→ **Problem details**
Only the lines in the entries below from the line with "OrganicMirror55's profile picture." to the line with "Sage: Clarity for Body and Mind", both included, belong in the answer, transcribed exactly and without pictures.

→ **Information given**
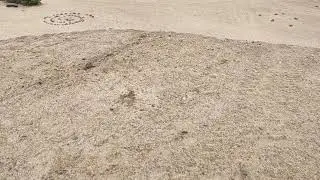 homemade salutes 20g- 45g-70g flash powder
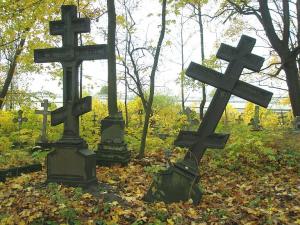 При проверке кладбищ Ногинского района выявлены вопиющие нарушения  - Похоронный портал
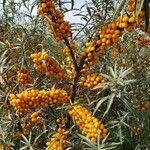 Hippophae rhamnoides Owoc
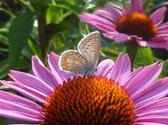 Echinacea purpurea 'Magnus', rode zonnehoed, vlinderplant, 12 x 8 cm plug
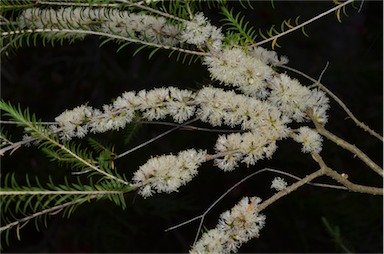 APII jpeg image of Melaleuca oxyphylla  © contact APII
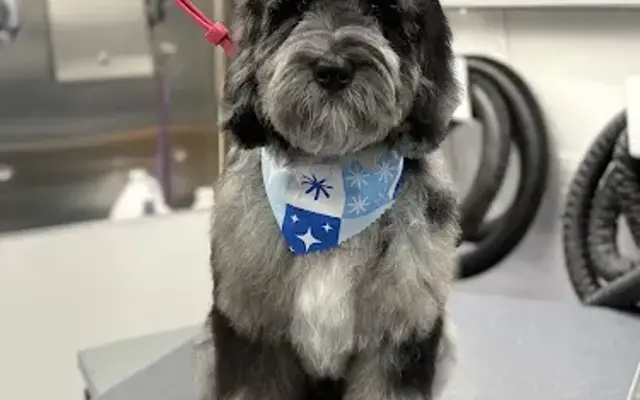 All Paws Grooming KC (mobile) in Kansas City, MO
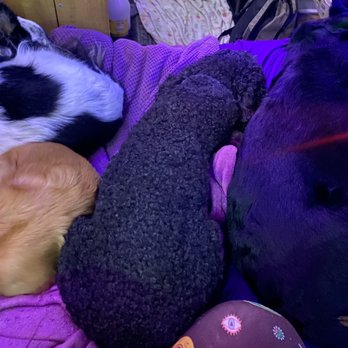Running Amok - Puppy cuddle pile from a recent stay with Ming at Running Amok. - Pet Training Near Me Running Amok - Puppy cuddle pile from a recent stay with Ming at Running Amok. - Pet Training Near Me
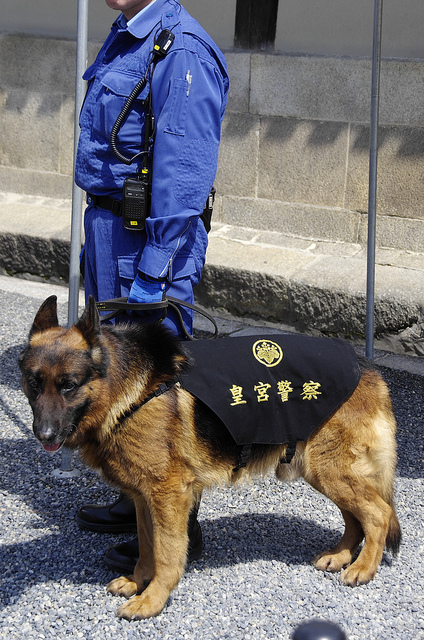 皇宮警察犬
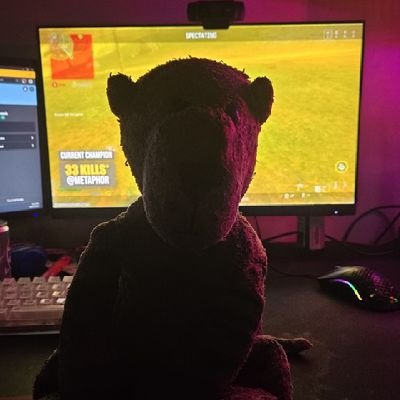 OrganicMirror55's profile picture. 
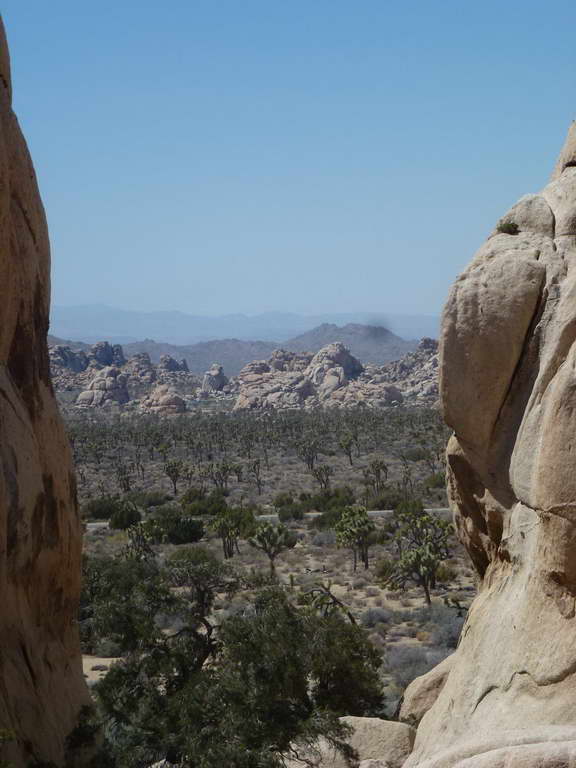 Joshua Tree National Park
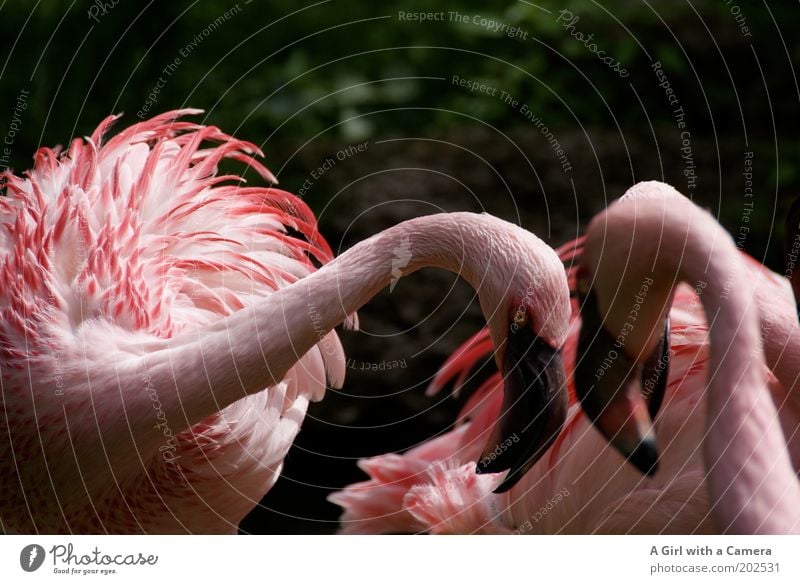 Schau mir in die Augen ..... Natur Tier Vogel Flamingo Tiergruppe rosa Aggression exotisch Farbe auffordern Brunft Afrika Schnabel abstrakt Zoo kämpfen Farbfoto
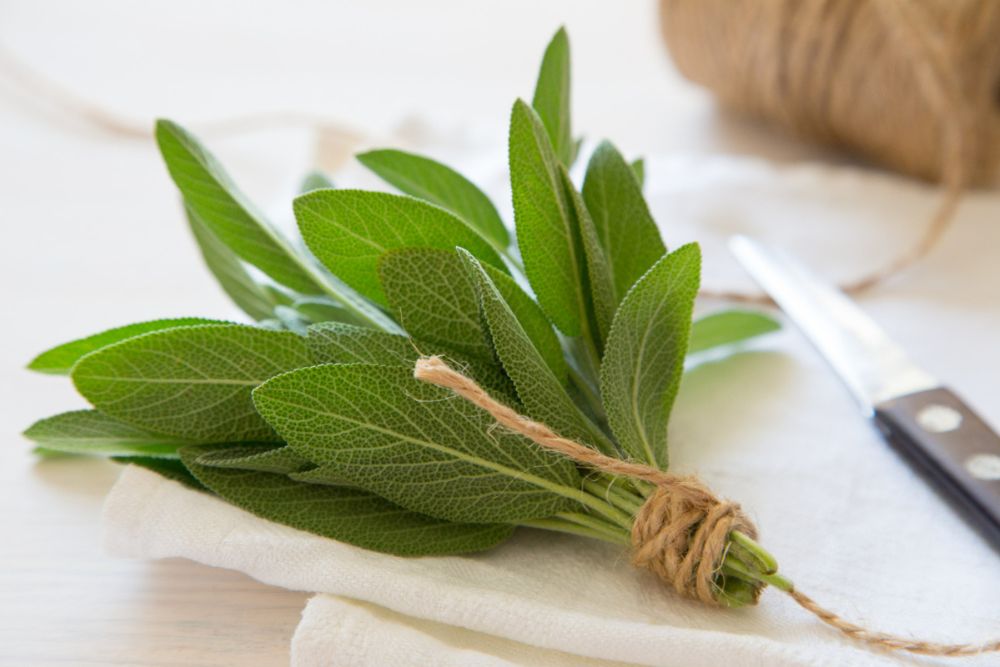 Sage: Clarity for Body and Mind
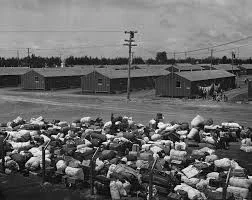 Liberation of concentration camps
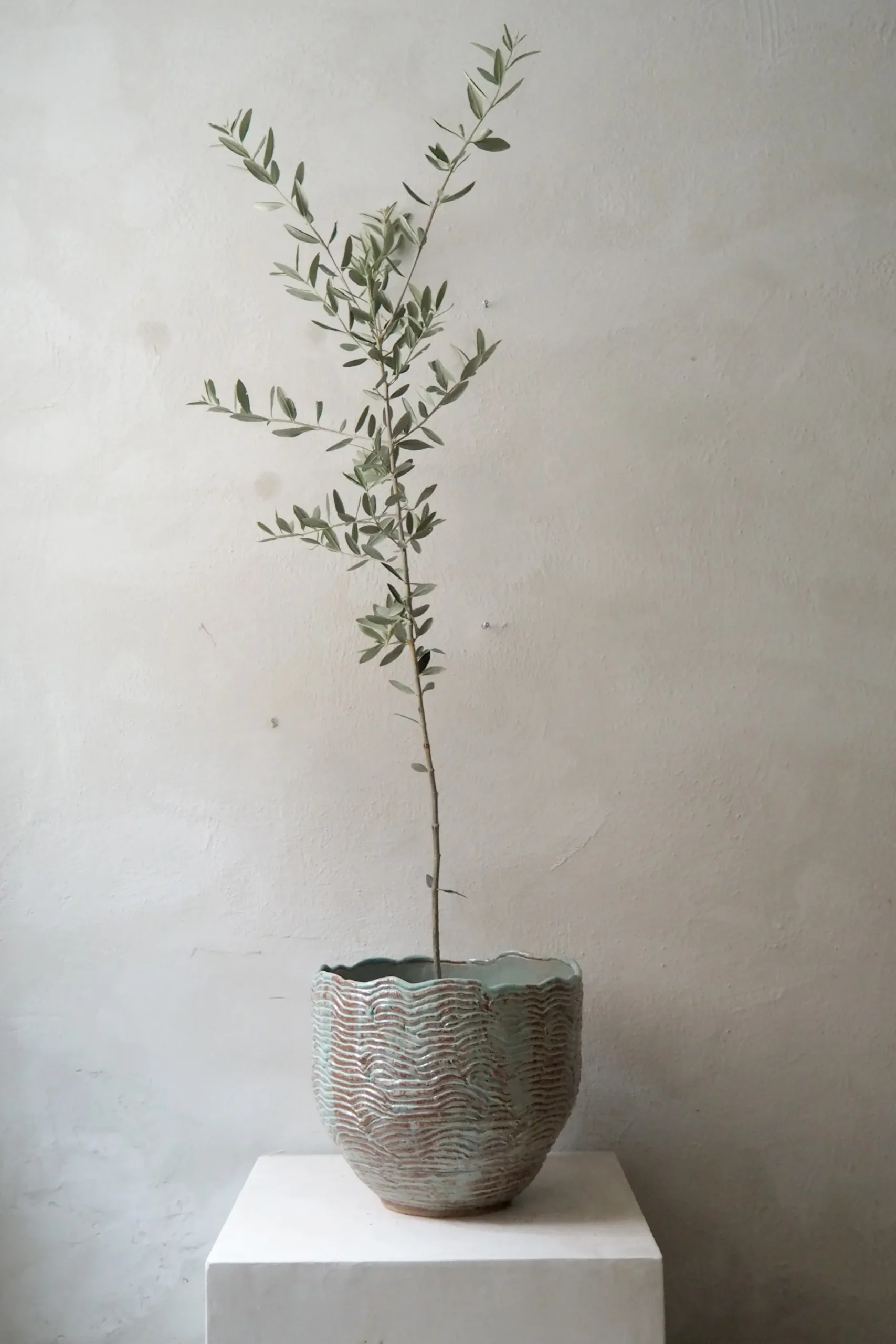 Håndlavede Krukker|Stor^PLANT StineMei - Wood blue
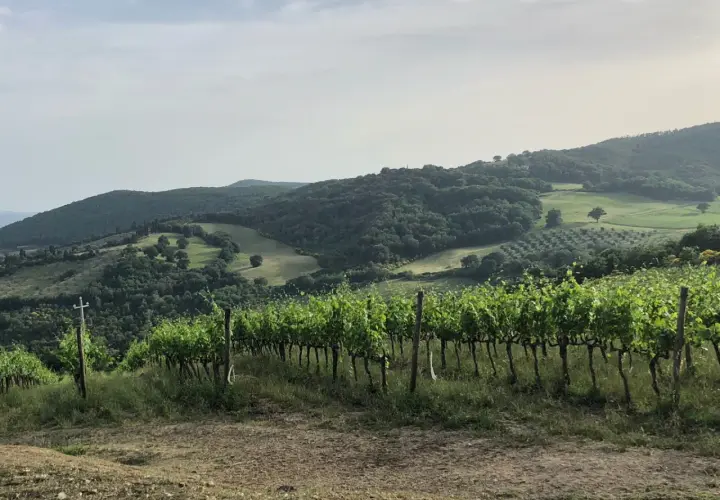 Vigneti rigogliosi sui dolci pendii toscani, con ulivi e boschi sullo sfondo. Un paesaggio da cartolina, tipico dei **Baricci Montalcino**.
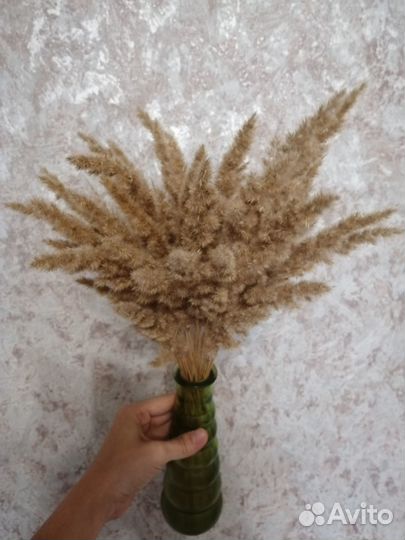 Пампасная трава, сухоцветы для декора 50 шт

→ **Answer to this problem**
 OrganicMirror55's profile picture. 
 Joshua Tree National Park
 Schau mir in die Augen ..... Natur Tier Vogel Flamingo Tiergruppe rosa Aggression exotisch Farbe auffordern Brunft Afrika Schnabel abstrakt Zoo kämpfen Farbfoto
 Sage: Clarity for Body and Mind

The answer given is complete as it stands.